(Beginning of Given material)
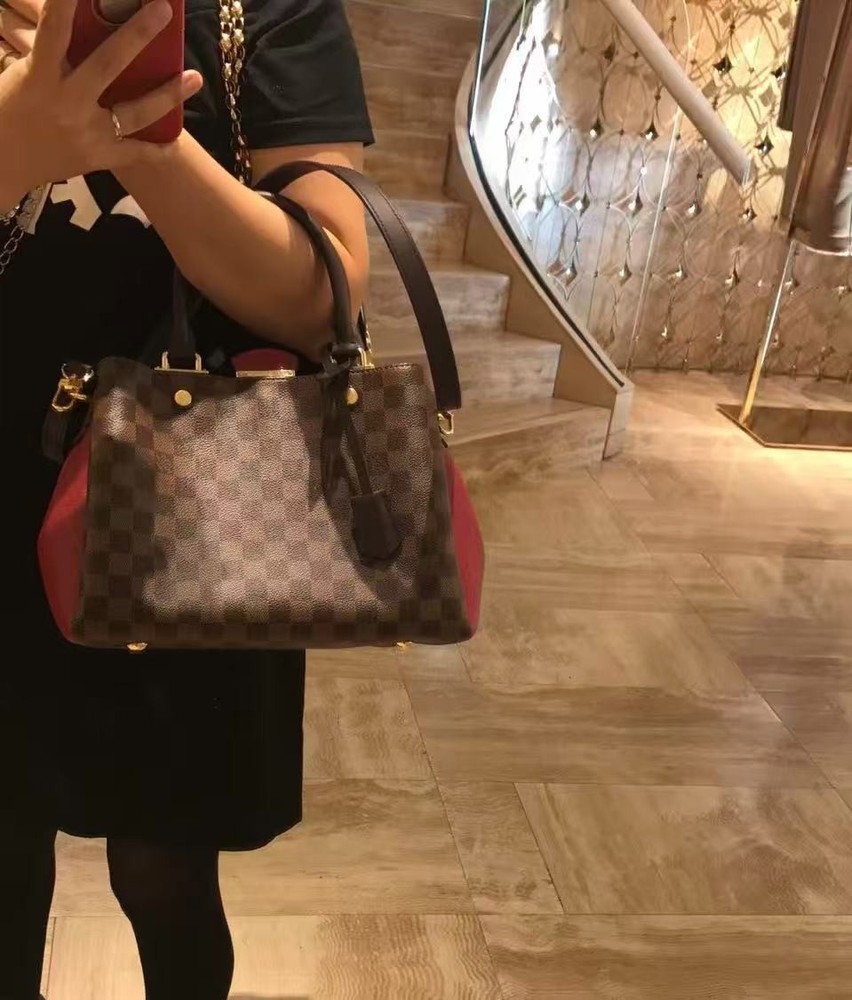 LOUIS VUITTON Damier Ebene Brittany Bordeaux auth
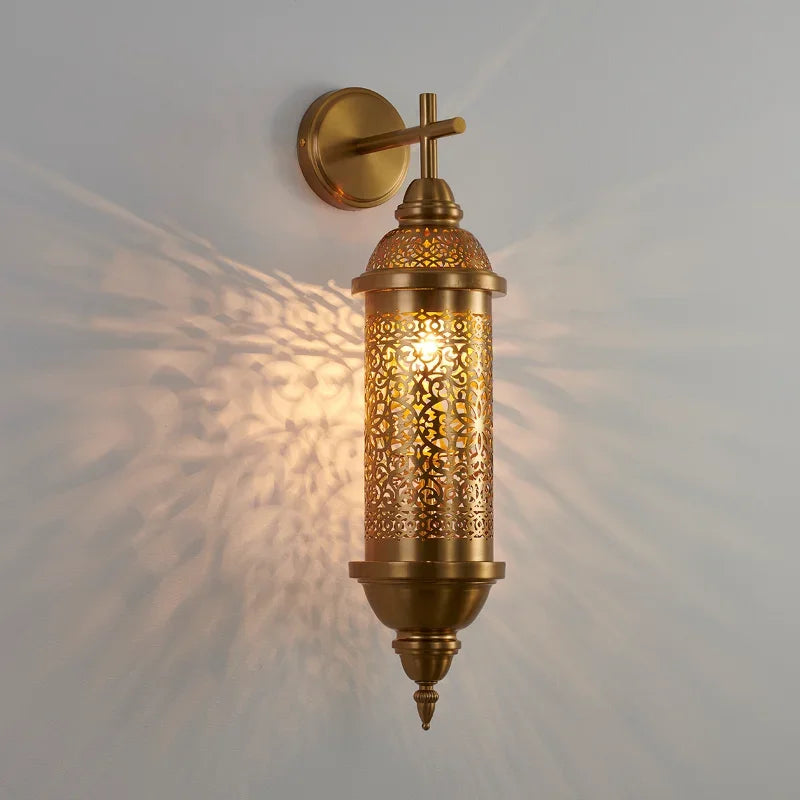 Moroccan retro vintage gold wall lamp with decorative LED chandelier
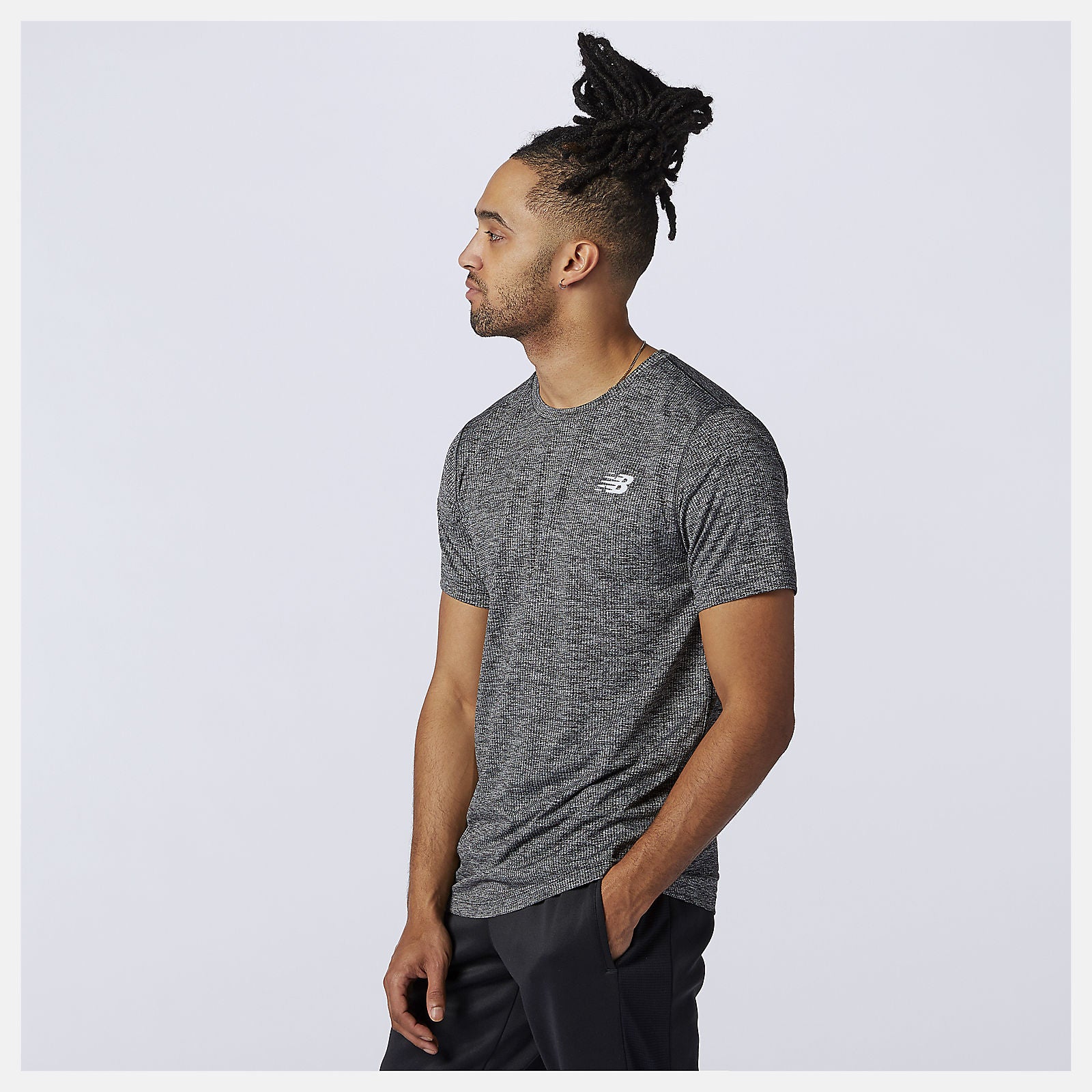 Black Heather Tenacity Tee | New Balance Clothing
(End of Given material)
- _What is needed_
Output all the material exactly. The pictures are to be left out.

- _Answer box_
 LOUIS VUITTON Damier Ebene Brittany Bordeaux auth
 Moroccan retro vintage gold wall lamp with decorative LED chandelier
 Black Heather Tenacity Tee | New Balance Clothing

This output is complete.